Nevertheless, Tabaar warns that states have shown remarkable capacities to use social media to their advantage too, by spreading misinformation and sowing discord among the protesters.

 

Iran protest on the Texas A&M campus in September 2022
Texas A&M campus members protested against the Iranian government on the university campus in late September.

Courtesy of KBTX-TV

 

Very Cautious Optimism

Tabaar would love to say this latest wave of protests is going to succeed in winning the people of Iran their civil rights, but he knows how much stands in their way.

“In previous social and political movements, the state usually cracked down – quickly, immediately, brutally. And then when things calmed down, it started making minor concessions,” Tabaar said. At least 200 people have been killed so far.

“In the past, they would show tolerance for partially veiled women, as long as it was not politicized,” he continued. “But now it has become politicized, where women are taking off their hijab as a display of rebellion. So it won’t be as easy for the regime to make formal concessions to reduce tensions and hope the protests fizzle out. Although, there are reports that the morality police have been removed from the streets now in order not to further provoke the population.”

Another factor in the protestors’ favor is that even women who choose to wear hijab are supporting those who don’t. “A lot of veiled women are on the forefront of this because they want it to be a matter of choice,” Tabaar said.

With both veiled and unveiled women banding together with Iran’s youth population and gaining worldwide support, Tabaar said he is hopeful but cautious.

“These public unveilings are expanding, and Iranians abroad are organizing, so it is a hopeful scenario,” he said. “But the government can’t let this go on forever and it could become even more violent. What they are hoping is it just blows over and they can go back to the way things were.”

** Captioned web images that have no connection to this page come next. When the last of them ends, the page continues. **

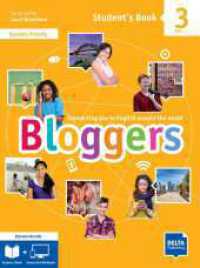 Bloggers 3 A2-B1 - Blended Bundle BlinkLearning, m. 1 Beilage : Connecting you to English around the world. Student's Book (print) and fully interactive Workbook BlinkLearning (Student's License, 14 months) (Bloggers) （2021. 143 S. 280 mm）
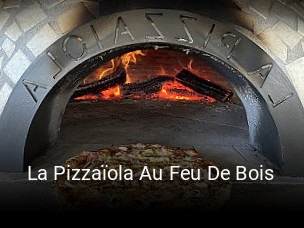 La Pizzaïola Au Feu De Bois réservation de table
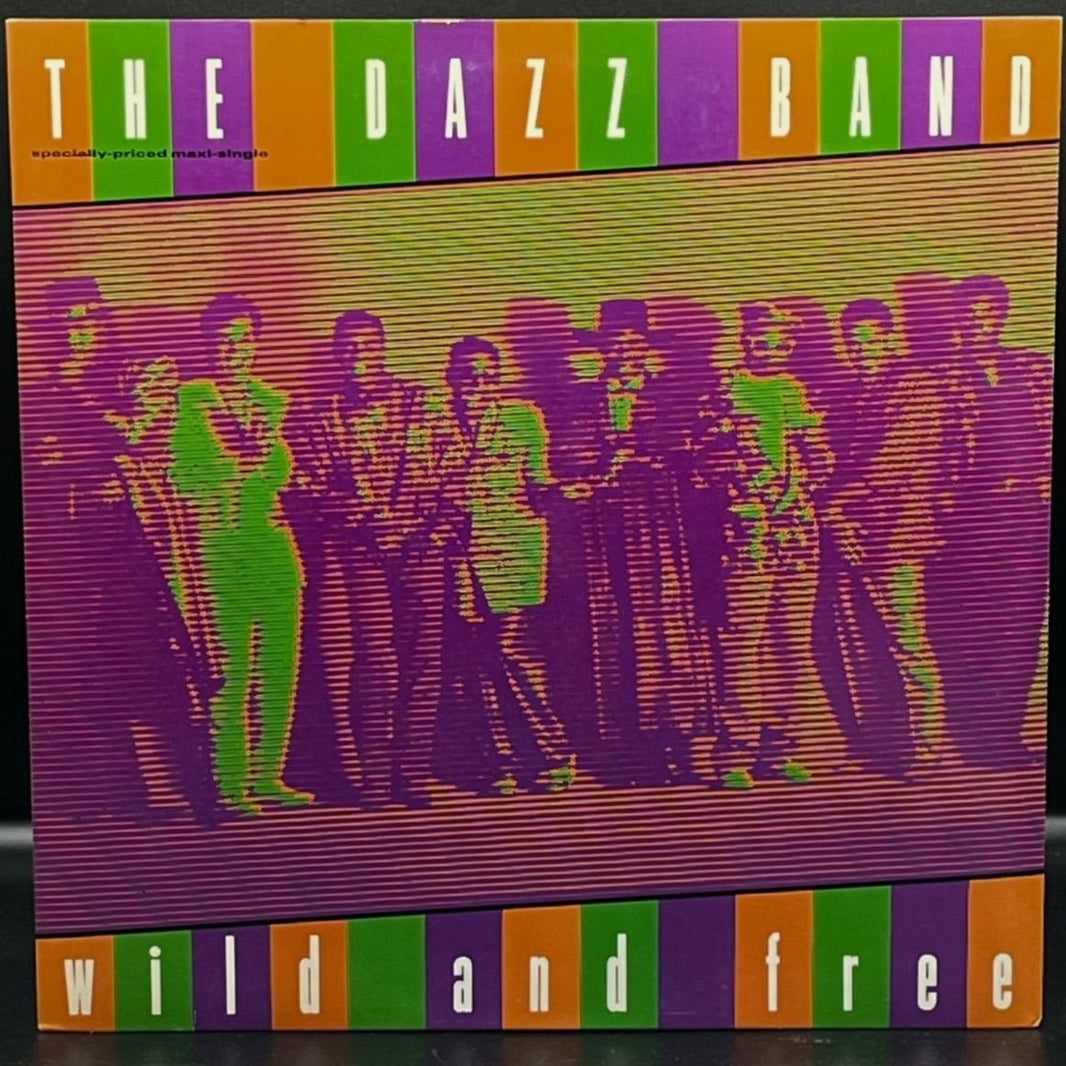 The Dazz Band - Wild And Free (Single)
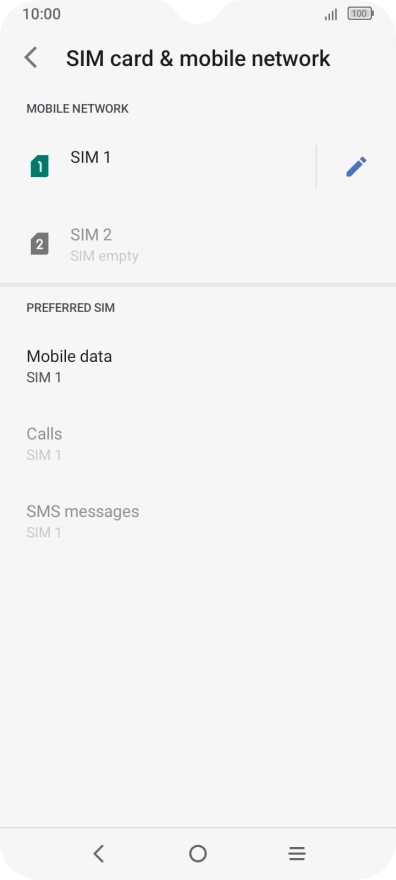 Press the name of the SIM. Press the name of the SIM.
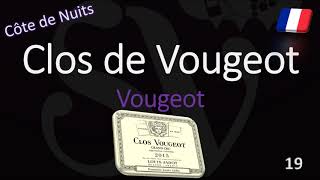 How to Pronounce Clos de Vougeot Burgundy Grand Cru Wine Pronunciation Pinot Noir [upl. by Sorenson]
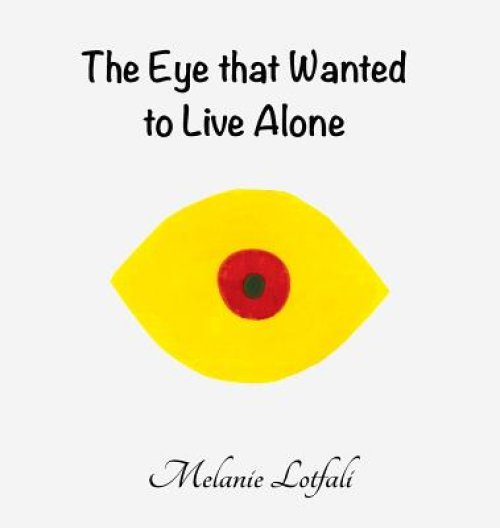 The Eye That Wanted to Live Alone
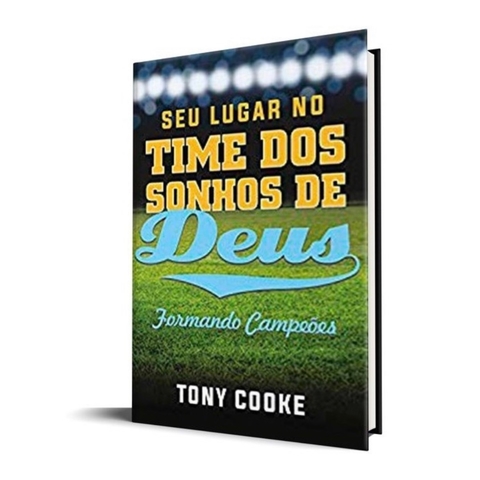 Seu Lugar No Time Dos Sonhos De Deus - Tony Cook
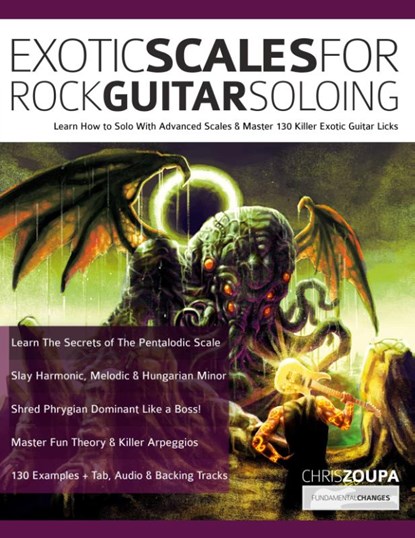 Exotic Scales for Rock Guitar Soloing, Chris Zoupa ; Joseph Alexander - Paperback - 9781789334074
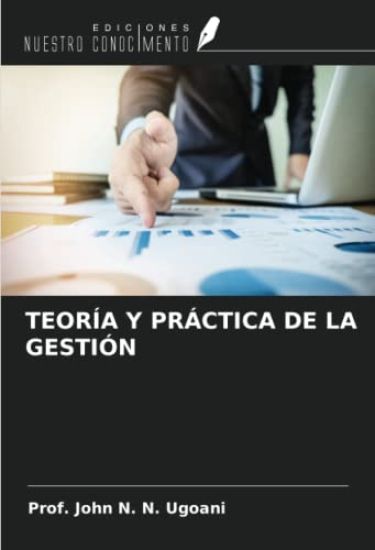TEORÍA Y PRÁCTICA DE LA GESTIÓN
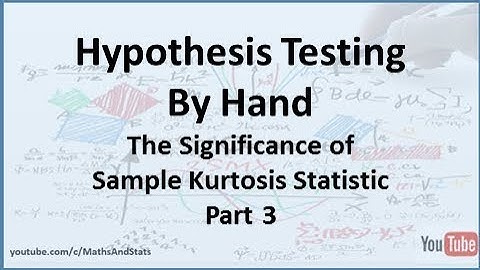 Hypothesis Testing by Hand: The Significance of a Sample Kurtosis Statistic - Part 3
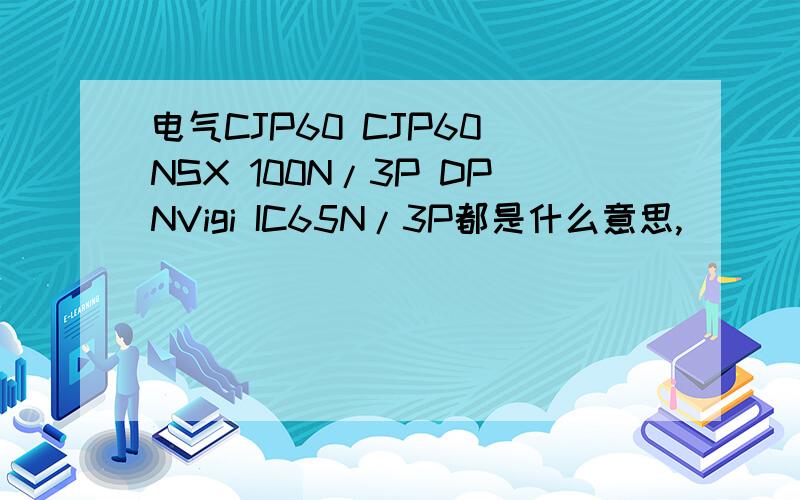 电气CJP60 CJP60 NSX 100N/3P DPNVigi IC65N/3P都是什么意思,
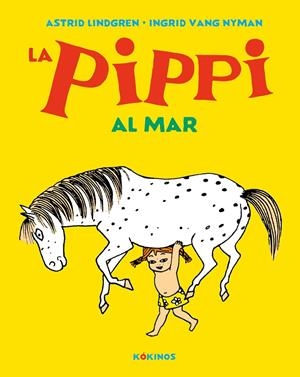 LA PIPPI AL MAR | 9788417742621 | LINDGREN, ASTRID | Galatea Llibres | Llibreria online de Reus, Tarragona | Comprar llibres en català i castellà online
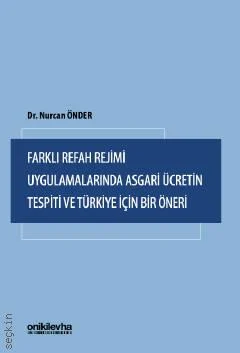 Farklı Refah Rejimi Uygulamalarında Asgari Ücretin Tespiti ve Türkiye 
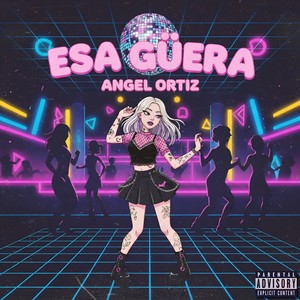 Esa Güera (Explicit)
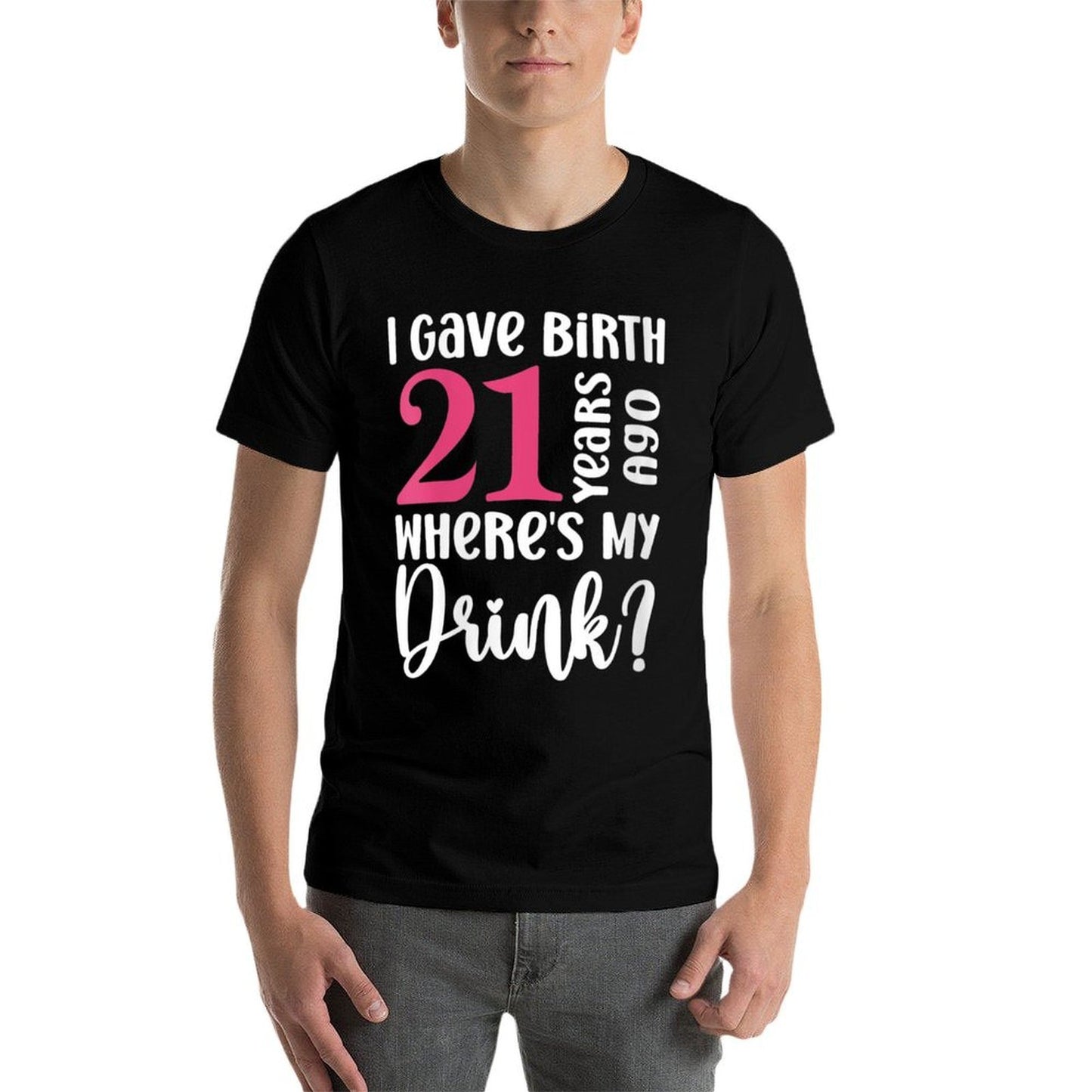Womens I Gave Birth 21 Years Ago Where's My Drink 21st Birthday Cotton T-Shirt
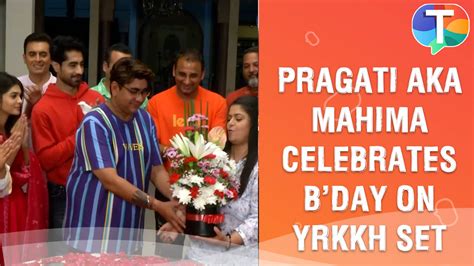 Pragati Mehra Aka Mahima Celebrates Her Birthday With The Team Of Yeh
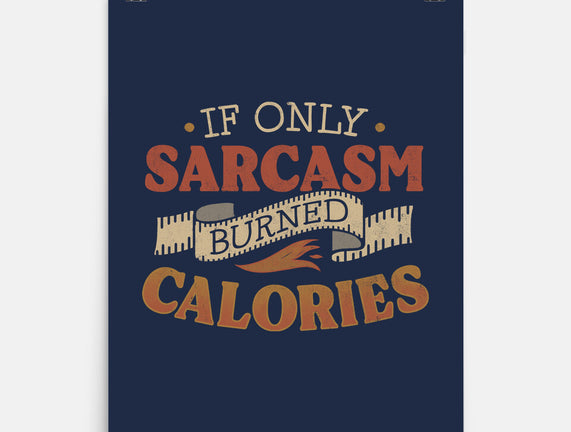 If Only Sarcasm Burned Calories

Last week, Iran’s Supreme Leader Ayatollah Ali Khamenei spoke for the first time about the Amini killing, criticizing the protesters and blaming the United States and Israel for planning the uprisings.

“What I think is most important for Americans and the rest of the world to know is that Iran is a country whose people want to live normal lives,” Tabaar said. “But they are caught between internal repressions and external pressures. They are fighting a viciously oppressive regime and have been for over four decades. And they are doing so, not because of the U.S. sanctions against Iran, but despite these inhumane collective punishments. The rest of the world is just catching up.”